Mayor Hosts Sandy Benefit Concert, Ticketmaster Carves Out Donations

Tonight, a five-star cast of New Orleans’ finest musicians will convene at a sold-out Mahalia Jackson Theater for the Hurricane Sandy NOLA Pay It Forward Benefit Concert. Proceeds from the show will aid non-profit-based relief and recovery efforts currently underway in areas affected by the late-October superstorm. Performers set to take the stage (and spotlighted in the video playlist below) include: Amanda Shaw, Big Sam’s Funky Nation, Irvin Mayfield, Ivan Neville, James Andrews, Khris Royal, Mia Borders, Sasha Masakowski, Stephanie Jordan, the Stooges Brass Band and the Wild Magnolias featuring Big Chief Monk Boudreaux.

For each $56.75 ticket purchased, Ticketmaster has pledged to concede a $3.90 “donation” from its $6.75 service fee to the honorable cause. For those doing the math at home, that amounts to 58% of the surcharge the oligarchical agency tacks on to $50 face-value price of each ticket at checkout, which, all told, equates to 6.87% of the grand retail total. With the theater’s 2,243-capacity attained, Ticketmaster, in its supreme benevolence, will invariably dole $8,747.70 into the New Orleans Pay It Forward Fund, pocketing the humble sum of only $6,392.55 for services rendered in evening of charitable giving. Accounting for the gift (but not the night’s expenses), the Greater New Orleans Foundation (the fund’s fiduciary) will generate a hard-fought $120,897.70 in ticket revenue. The fund itself, a child of Mayor Mitch Landrieu, first saw light in May 2011 as part of an initiative to “assist the victims [of] Mississippi River flooding and show that the people of New Orleans understand loss and the importance of helping others.” Those wishing to contribute to the philanthropic endeavor may do so online at http://www.gnof.org/donors/give-now/.

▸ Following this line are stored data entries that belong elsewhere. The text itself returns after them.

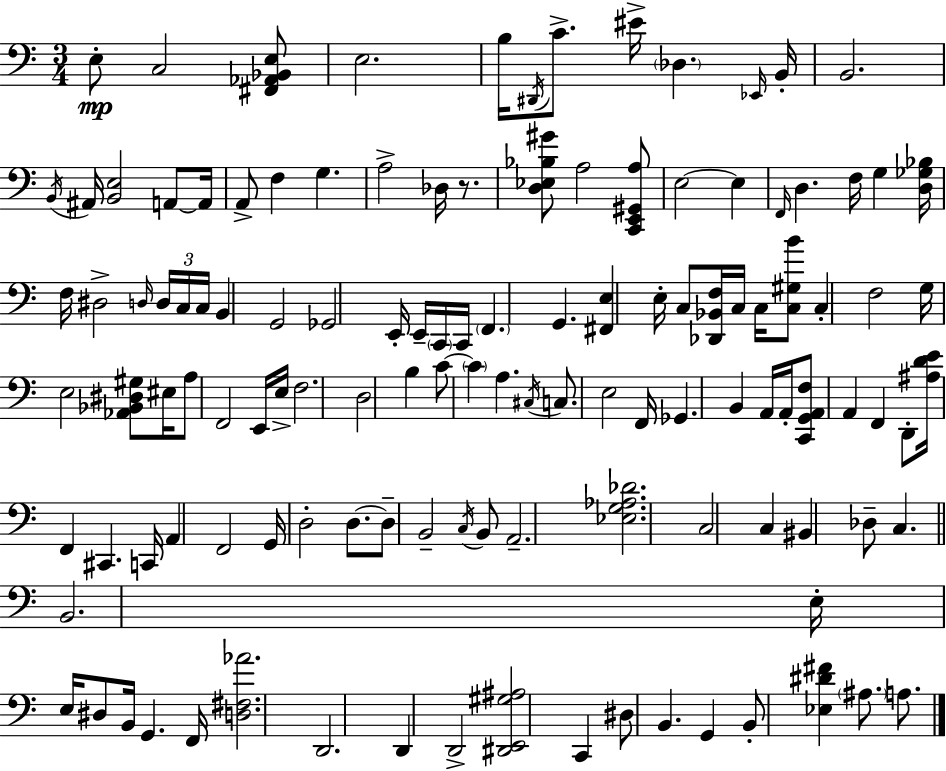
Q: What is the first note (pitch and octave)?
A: E3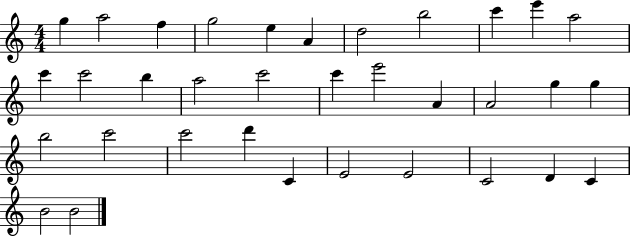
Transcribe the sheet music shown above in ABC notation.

X:1
T:Untitled
M:4/4
L:1/4
K:C
g a2 f g2 e A d2 b2 c' e' a2 c' c'2 b a2 c'2 c' e'2 A A2 g g b2 c'2 c'2 d' C E2 E2 C2 D C B2 B2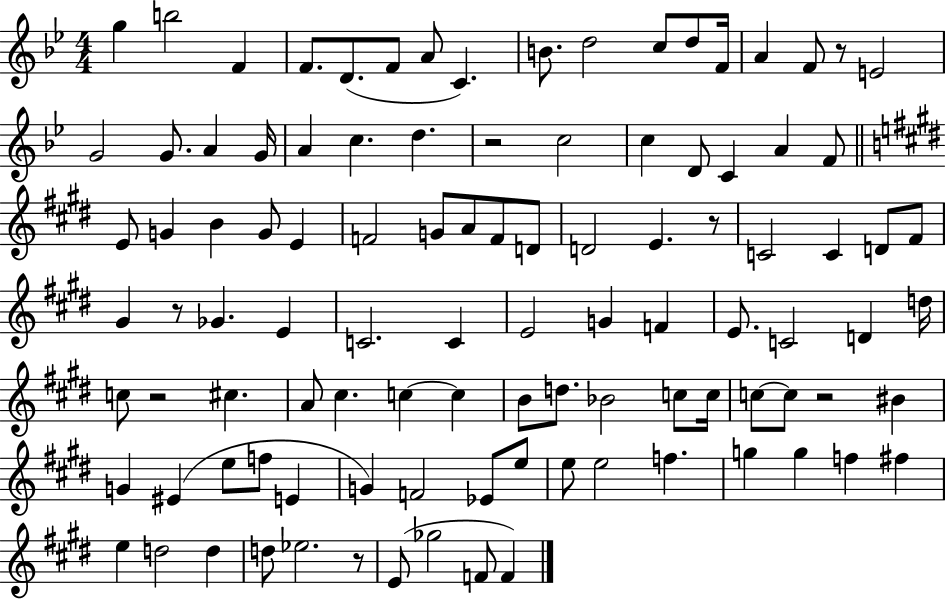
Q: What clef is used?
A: treble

Hurricane Sandy, Satellite Image

Estimated damages caused by Hurricane Sandy exceed $50 billion.

As the show will surely attest, it is clear that the government, entertainers and good people of New Orleans understand the concept of loss. Sadly, the same cannot be said about Live Nation Entertainment (the corporate spawn of the 2010 Ticketmaster/Live Nation merger), which, possessing assets in excess of $50 billion and operating at a net loss greater than $70 million, appreciates the heartfelt notion solely as a loss leader — gallantly wielding the umbrella of “corporate responsibility” in one hand as it shills out tax deductions from its customers’ pocketbooks and pats itself on the back for making it rain with the other — awash in a sea of debt.

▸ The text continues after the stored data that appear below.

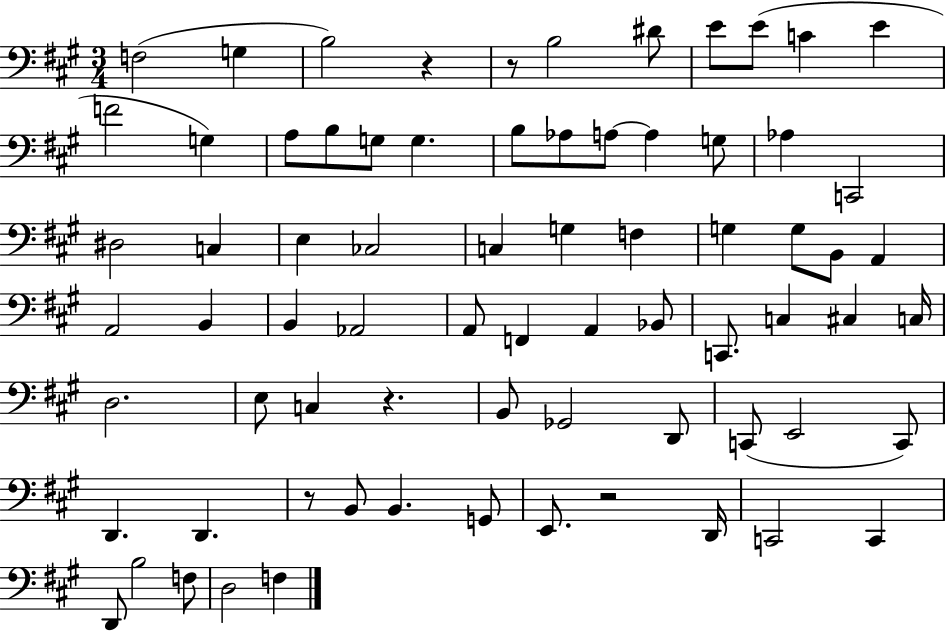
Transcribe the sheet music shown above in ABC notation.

X:1
T:Untitled
M:3/4
L:1/4
K:A
F,2 G, B,2 z z/2 B,2 ^D/2 E/2 E/2 C E F2 G, A,/2 B,/2 G,/2 G, B,/2 _A,/2 A,/2 A, G,/2 _A, C,,2 ^D,2 C, E, _C,2 C, G, F, G, G,/2 B,,/2 A,, A,,2 B,, B,, _A,,2 A,,/2 F,, A,, _B,,/2 C,,/2 C, ^C, C,/4 D,2 E,/2 C, z B,,/2 _G,,2 D,,/2 C,,/2 E,,2 C,,/2 D,, D,, z/2 B,,/2 B,, G,,/2 E,,/2 z2 D,,/4 C,,2 C,, D,,/2 B,2 F,/2 D,2 F,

Ticketmaster, Live Nation, logo

Truth be told and all clichés being equal, business will always be business, a friend in need will be no less than a friend indeed, and the more things change, the better the odds they’ll stay the same. And while Ticketmaster’s token gesture may be (has been and will be) met with open arms (at similar such events the country over), its slight of hand should not merit a round of applause, for buried deep below the undue hardship and suffering of Hurricane Sandy’s aftermath, its fingers cling tightly to a slimy green note rooted in a wretched sense of entitlement that has plagued its purveyors, preyed upon its patrons and pushed its prospective purchasers well past the point of pacifism for longer than either care to conjure.

Mr. Monopoly

Certainly Live Nation has bills to pay, a payroll to maintain and shareholder interests to seek, and ethics aside, it and Ticketmaster’s exploits have contributed immensely to both the country’s music industry and economy at large. On the other side of the coin, artist uprisings and anti-trust allegations have resigned themselves to suits unbecoming for the makings of progress. But just as one hand washes the other, and crisis calls forth courage from the unlikeliest of sources, a more daunting question deserves to be raised… As the tide of a natural disaster whose wake wrought damages estimating some $50 billion across the Eastern Seaboard recedes into the public consciousness, is a hand-me-down tax write-off at the expense of an ardent lot the best an iron-fisted corporation’s profit margin can muster?

mountain of money

Maybe the Golden Rule is just too great a cross for big business to bear, and for Ticketmaster, the prospect that would-be ticket purchasers might spend just as graciously as they give, a line too thin to traverse given the circumstances? In the case of the event in question, perhaps squelching the modest concession it plans to pass off onto its buying public in favor of a full-fledged donation of any value would yield an untimely precedent its accountants, lawyers, executives and shareholders aren’t quite ready to swallow? In any event, it’s about damn time that the resolve many citizens, government agencies and businesses have shown, irrespective of socio-economic status, at this critical juncture sees it noble due.